I've noticed that Friesians generally have superb temperaments and are a pleasure to be around.


----------



## TedH71 (Jan 19, 2003)

Hollow?


----------



## fetch33 (Jan 15, 2010)

TedH71 said:


> Hollow?


Dressage term.. the horse raises its head and neck and dips its back. I've seen friesan horses in the saddleseat world and the dressage arena. If you have a skilled trainer they can look awesome. They are very trappy (choppy) at the trot and can throw you way out of the saddle at the posting trot.


----------



## Harmony_Meadows (Nov 4, 2007)

There is a yearling at our barn but I really wouldn't consider her a good representative of the breed. Real pretty, but brainless and pushy.:frypan: She is a real pain in the you know where at feeding time. She also just about ran over me when I was taking my girl to the round pen to work with her...a good swat with the lunge whip smartened her up, but it was a very dangerous situation. Given that, I would make sure anything you look at has good ground manners....she is well over 15 1/2 hands and not even two yet. Me, I am sticking to my little spotted bottomed angel! :angel: (She is a bit of a pocket pony but is respectful of your space)


----------



## DoubleBee (Nov 13, 2006)

Michael Bush, who posts here in the beekeeping forum, also raises Friesians- 

http://www.bushfarms.com/friesians.htm


----------



## Reptyle (Jul 28, 2005)

Wasn't that what the horse in LadyHawke was?


----------



## HOTW (Jul 3, 2007)

Yeap his name was Goliath


----------



## SFM in KY (May 11, 2002)

Reptyle said:


> Wasn't that what the horse in LadyHawke was?


Yes ... he rode a Friesian, she rode an Andalusian.


----------



## Horseyrider (Aug 8, 2010)

Hi, I'm new here, and was just a lurker until I saw this thread. It's great to find other horsepeople here!

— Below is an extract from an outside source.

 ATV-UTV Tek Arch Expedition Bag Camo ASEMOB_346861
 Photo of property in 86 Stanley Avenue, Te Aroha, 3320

I have two Dutch registered Friesians, the result of a long term relationship with a wonderful client. One is a ster mare, the other is her first son. First son is the most awesome horse I've ever ridden. He's extremely intelligent, athletic, and willing, with more heart than any horse I've ever worked with. He's by the late Goffert 369, a grand prix dressage horse that was made into a Breyer model. At six years old, this boy is my go-to horse.

Friesians are the heaviest of the light breeds, and are used mainly in driving and dressage, although you'll see them in the movies here and there. Their long manes and tails and luxurious feathers make them a good photographic subject. They are a very old breed. I have QHs too, and their registry began in 1941; by contrast, the modern Friesian registry began in the 1700s and they date back into the Middle Ages where they carried knights into battle. I can so believe it; they tend to be bold and brave.

They're also very people oriented. They'll meet you at the gate with their ears pricked. My six year old will try to stuff his head into the halter I'm trying to put on someone else. _Take me! Take me!_ he seems to say. 

It's interesting you mention the movie Ladyhawke. My client fell in love with that Friesian and that's how she went in search for them. (Did you know that the horse they used, Goliath, was just a plain old w/t/c horse? He didn't know much at all; the grace you see is natural.) There were only a handful of Friesians in the US at that time, and only two in here in our state; but I went with my client to see that pair of mares. Their proud owner was happy to show us these horses, which just looked heavy and coarse to me-- until I saw them move. And oh my stars, I was transported! They didn't just move, they floated. And at trot, hoooo, did they cover ground! My client was hooked, and finally brought home a stunning yearling mare from an importer in Michigan. And that's how it started for me. My mare is that mare's eleven year old daughter. Gosh, that's been twenty years since she got her mare, I can hardly believe it.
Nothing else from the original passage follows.